The case was originally brought by Tommy Hilfiger and others against the owners of a market in the Czech Republic. The CJEU held today that an operator which provides a service to third parties relating to the letting or subletting of pitches in a marketplace, and which thus offers the possibility to those third parties of selling counterfeit products in that marketplace, must be treated in the same way from an IP perspective as the operator of an online marketplace.
This judgment is great news for IP right holders in the EU who find themselves spending considerable sums chasing individual physical retailers selling counterfeit goods often on a small scale from physical marketplaces. It is of course necessary for rights holders to prevent these sales, but in many cases it can be difficult to identify and track down the person or entity behind the retailer. Also, in most cases the action does not lead to the source of the counterfeiting, and there is almost always a net cost to taking the action. If rights holders can in future target the owners of the locations of places where these retailers operate and have them be responsible for taking the action locally, then this relatively low level enforcement activity by the IP owners is likely to become quicker, less expensive and more cost effective. It will also be likely to have a longer lasting impact in the context of activities in the location itself.

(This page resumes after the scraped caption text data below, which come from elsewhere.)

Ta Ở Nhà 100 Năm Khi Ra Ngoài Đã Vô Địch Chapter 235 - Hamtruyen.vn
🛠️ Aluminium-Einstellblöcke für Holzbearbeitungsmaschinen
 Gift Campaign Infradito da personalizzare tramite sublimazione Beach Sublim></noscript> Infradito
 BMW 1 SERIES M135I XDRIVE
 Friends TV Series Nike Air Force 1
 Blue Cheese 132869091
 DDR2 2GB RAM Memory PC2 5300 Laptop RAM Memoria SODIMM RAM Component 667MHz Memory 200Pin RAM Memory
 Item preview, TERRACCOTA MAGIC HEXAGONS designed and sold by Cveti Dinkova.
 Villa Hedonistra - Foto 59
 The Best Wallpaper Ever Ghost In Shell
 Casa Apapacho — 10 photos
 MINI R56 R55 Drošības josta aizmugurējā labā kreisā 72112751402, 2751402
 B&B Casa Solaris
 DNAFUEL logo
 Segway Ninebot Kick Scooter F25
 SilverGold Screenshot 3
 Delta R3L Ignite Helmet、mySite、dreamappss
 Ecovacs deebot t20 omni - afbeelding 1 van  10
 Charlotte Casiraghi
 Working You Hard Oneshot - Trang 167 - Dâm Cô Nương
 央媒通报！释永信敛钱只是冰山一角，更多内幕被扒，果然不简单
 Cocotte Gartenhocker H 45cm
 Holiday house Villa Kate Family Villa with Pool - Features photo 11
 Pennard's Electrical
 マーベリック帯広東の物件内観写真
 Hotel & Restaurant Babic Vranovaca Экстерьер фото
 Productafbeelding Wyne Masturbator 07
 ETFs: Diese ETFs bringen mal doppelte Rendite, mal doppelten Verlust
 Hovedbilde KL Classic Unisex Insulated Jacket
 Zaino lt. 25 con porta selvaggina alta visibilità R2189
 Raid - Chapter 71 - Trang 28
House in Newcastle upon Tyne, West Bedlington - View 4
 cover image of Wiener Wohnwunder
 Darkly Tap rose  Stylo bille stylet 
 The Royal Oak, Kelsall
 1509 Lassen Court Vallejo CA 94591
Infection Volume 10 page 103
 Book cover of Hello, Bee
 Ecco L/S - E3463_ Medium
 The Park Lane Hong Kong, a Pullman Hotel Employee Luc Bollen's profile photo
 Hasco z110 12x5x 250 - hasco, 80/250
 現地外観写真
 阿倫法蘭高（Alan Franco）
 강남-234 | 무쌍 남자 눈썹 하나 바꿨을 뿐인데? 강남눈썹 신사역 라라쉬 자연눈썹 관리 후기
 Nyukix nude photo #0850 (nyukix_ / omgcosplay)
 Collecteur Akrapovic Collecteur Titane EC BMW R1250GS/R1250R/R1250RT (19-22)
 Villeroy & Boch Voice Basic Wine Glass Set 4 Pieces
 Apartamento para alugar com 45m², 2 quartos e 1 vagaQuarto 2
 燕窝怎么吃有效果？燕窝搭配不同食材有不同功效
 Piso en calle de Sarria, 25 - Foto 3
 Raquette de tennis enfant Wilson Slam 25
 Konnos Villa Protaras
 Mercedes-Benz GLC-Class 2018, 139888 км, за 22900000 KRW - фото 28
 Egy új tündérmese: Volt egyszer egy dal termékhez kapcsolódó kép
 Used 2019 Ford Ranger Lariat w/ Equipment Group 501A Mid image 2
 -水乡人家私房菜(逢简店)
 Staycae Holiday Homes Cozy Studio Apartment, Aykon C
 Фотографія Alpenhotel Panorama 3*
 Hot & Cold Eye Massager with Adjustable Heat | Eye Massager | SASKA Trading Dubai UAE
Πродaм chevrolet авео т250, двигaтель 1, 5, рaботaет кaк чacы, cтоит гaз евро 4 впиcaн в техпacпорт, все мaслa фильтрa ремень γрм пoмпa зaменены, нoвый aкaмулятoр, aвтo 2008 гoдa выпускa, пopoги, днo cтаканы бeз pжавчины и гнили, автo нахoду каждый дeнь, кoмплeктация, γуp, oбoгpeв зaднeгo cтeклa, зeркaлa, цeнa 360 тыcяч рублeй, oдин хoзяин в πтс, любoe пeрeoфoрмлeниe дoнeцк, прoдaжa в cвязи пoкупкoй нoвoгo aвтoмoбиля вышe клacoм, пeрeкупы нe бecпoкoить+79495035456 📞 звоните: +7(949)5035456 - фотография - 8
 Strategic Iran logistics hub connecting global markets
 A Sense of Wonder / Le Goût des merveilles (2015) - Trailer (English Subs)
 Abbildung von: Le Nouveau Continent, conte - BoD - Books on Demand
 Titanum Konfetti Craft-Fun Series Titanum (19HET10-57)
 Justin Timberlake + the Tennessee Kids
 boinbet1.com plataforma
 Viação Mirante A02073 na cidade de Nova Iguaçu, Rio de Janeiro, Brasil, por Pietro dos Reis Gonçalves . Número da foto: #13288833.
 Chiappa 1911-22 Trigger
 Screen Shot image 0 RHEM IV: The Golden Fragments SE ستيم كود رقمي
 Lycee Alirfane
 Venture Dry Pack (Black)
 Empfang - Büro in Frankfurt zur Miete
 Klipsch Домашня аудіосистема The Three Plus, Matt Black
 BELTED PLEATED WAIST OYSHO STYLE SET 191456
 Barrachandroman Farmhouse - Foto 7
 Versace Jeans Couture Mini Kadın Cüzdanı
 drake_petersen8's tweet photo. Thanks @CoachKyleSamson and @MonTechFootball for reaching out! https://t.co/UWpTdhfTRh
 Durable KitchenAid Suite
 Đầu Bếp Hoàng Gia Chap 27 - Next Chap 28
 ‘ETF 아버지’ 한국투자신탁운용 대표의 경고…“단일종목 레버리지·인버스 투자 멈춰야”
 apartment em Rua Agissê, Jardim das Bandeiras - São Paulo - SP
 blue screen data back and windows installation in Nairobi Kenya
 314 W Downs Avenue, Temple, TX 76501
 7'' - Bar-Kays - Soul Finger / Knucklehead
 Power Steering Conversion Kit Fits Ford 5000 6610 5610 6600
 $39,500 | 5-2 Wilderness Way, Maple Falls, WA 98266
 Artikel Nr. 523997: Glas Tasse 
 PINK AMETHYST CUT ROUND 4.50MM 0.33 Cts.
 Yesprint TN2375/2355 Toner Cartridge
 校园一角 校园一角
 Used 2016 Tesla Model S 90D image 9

For the owners of the marketplaces it appears that there are some protections to ensure that what they are required to do is not too unreasonable. In its press release today the CJEU made it clear that any injunctions against the owners of physical marketplaces must be equitable and proportionate. They must not therefore be excessively expensive and must not create barriers to legitimate trade. Nor can the marketplace owner be required to exercise general and permanent oversight over its customers. The CJEU did make it clear though that the marketplace owner may nevertheless be forced to take measures which contribute to avoiding continuing infringements of the same nature by the same market-trader.